Po powrocie z więzienia, gorliwy kapłan nie mógł oficjalnie zajmować się duszpasterstwem, dlatego odnalazłszy małe mieszkanie we Lwowie, utworzył z niego „Cerkiew”. U boku swego łóżka z papierowych pudelek zmontował ołtarz i codziennie po kilka – kilkanaście osób gromadziło się wokół niego na liturgię. Pomimo prześladowań nie bał się również głosić rekolekcji, przepowiadać i głosić kazań przeciwko systemowi komunistycznemu. Gromadził wokół siebie coraz większe rzesze ludzi. Za taką gorliwość w głoszeniu Słowa Bożego i wierność Kościołowi Katolickiemu, Stolica Apostolska mianuje o.

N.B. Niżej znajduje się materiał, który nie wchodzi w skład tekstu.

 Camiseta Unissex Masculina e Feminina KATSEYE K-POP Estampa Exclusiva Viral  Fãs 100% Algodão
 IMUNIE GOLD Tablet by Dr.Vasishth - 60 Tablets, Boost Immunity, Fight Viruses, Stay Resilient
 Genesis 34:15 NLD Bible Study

Wełyczkowskiego biskupem „Milczącego Kościoła”. Ze względu na bardzo skomplikowaną sytuację w Związku Radzieckim, przyjęcie sakry biskupiej miało miejsce cztery lata później.

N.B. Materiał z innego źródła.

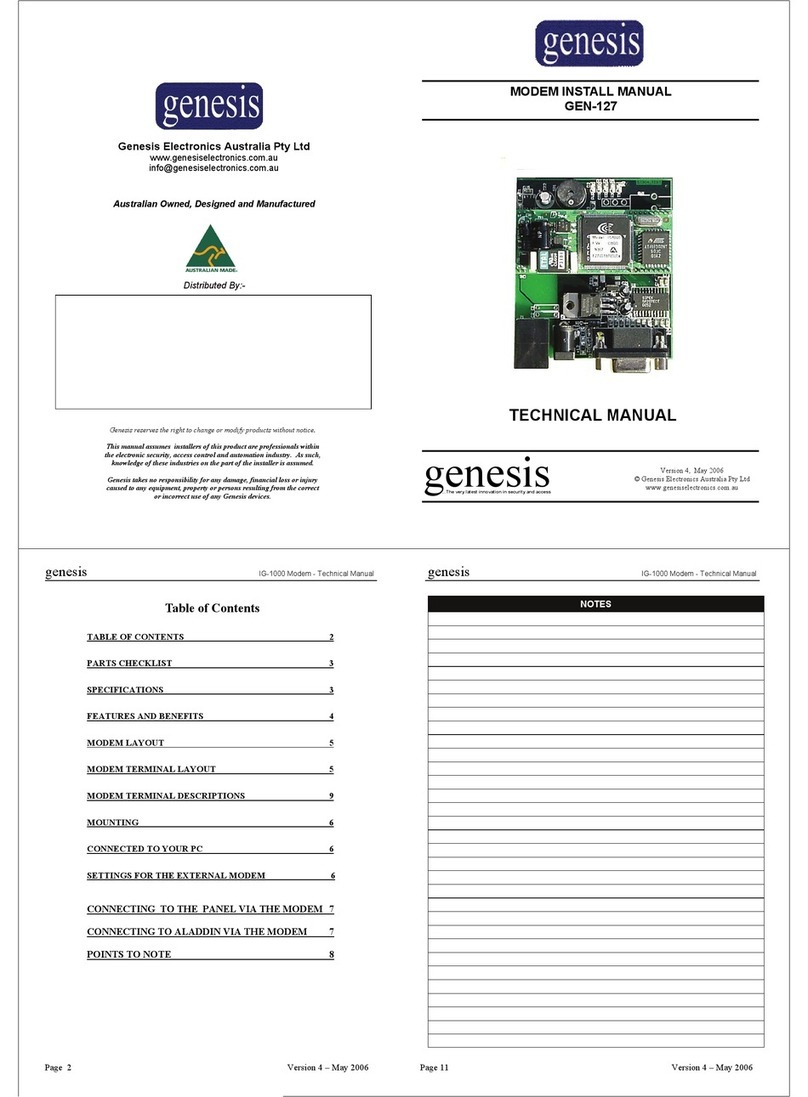 Genesis GEN-127 Technical manual
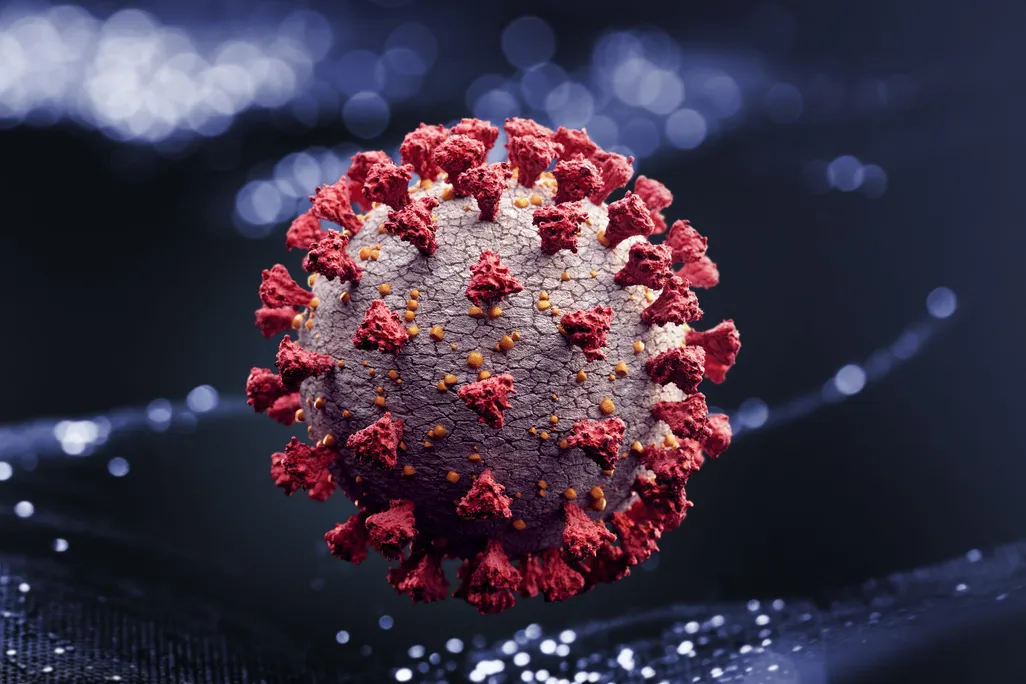 A coronavirus illustration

Dziesięcioletnie więzienia nie zgasiły w nim ducha apostolskiego, ale jeszcze bardziej rozpaliły w nim gorliwość do walki z wrogiem Chrystusa i Jego Kościołem. Występował odważnie przeciwko ateizmowi sowieckiemu, nie uznawał się za obywatela Związku Radzieckiego. Napisał i rozesłał książeczkę o ikonie Matki Bożej Nieustającej Pomocy, w której dokładnie naświetlił, że osoba pozbawiona wiary, nie może być dobrym obywatelem. Często też słuchał radia Watykańskiego. 2 stycznia 1969 roku ponownie trafił do aresztu. Oskarżono go i wydano wyrok: „trzy lata we więzieniu o szczególnym reżimie w Komunarsku”. Po kilku miesiącach bardzo poważnie zachorował na serce.

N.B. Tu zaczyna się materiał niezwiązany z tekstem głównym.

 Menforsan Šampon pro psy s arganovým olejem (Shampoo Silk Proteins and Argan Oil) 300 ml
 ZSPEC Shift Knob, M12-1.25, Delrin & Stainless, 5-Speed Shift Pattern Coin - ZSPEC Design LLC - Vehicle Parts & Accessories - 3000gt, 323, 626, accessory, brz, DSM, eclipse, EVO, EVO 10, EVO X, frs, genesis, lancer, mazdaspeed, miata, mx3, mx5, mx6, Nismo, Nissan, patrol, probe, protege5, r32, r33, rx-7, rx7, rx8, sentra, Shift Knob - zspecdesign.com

Dnia 27 stycznia 1972 roku skończył się termin drugiego wyroku bpa Wełyczkowskiego i władze zamiast do Lwowa skierowały go do Jugosławii. Stamtąd odleciał do Rzymu by spotkać się z kardynałem J. Slipyjem oraz z papieżem Pawłem VI. Wkrótce bp Wasyl Wełyczkowski na zaproszenie metropolity Hermaniuka przybywa do Kanady, gdzie wśród ukraińskich emigrantów dawał świadectwo swojej wiary – opowiadając o sytuacji prześladowanego Kościoła greko-katolickiego na Ukrainie. Lecz krótko. Jego ojcowskie serce przestało bić 30 czerwca 1973 roku w 70 roku życia. Lekarze po śmierci stwierdzili, że przed opuszczeniem więzienia dostał zastrzyk spowolnionego działania, który spowodował jego śmierć. Jego ciało spoczywa na cmentarzu w Winnipegu (Kanada).
Biorąc pod uwagę jego błogosławione życie, cierpienia, gorliwość apostolską a nade wszystko wytrwałość i wierność Chrystusowi oraz Jego Kościołowi, jakimi odznaczył się w czasie prześladowań, 13 grudnia 1997 roku rozpoczęto proces jego beatyfikacji. Dnia 2 marca 2001 roku został ukończony proces na poziomie diecezjalnym i sprawę przekazano do Stolicy Apostolskiej. Dnia 6 kwietnia 2001 r. komisja teologiczna potwierdziła fakt męczeństwa bpa Wasyla, a 23 kwietnia potwierdzili ten fakt kardynałowie; 24 kwietnia tegoż roku Ojciec Święty Jan Paweł II podpisał dekret o beatyfikacji bpa Wasyla Wełyczkowskiego, jako męczennika za wiarę.
Dnia 27 czerwca 2001 roku Ojciec Święty, podczas Mszy św. celebrowanej we Lwowie, zaliczy w poczet błogosławionych bpa Wasyla Wełyczkowskiego, męczennika za wiarę Kościoła greckokatolickiego na Ukrainie.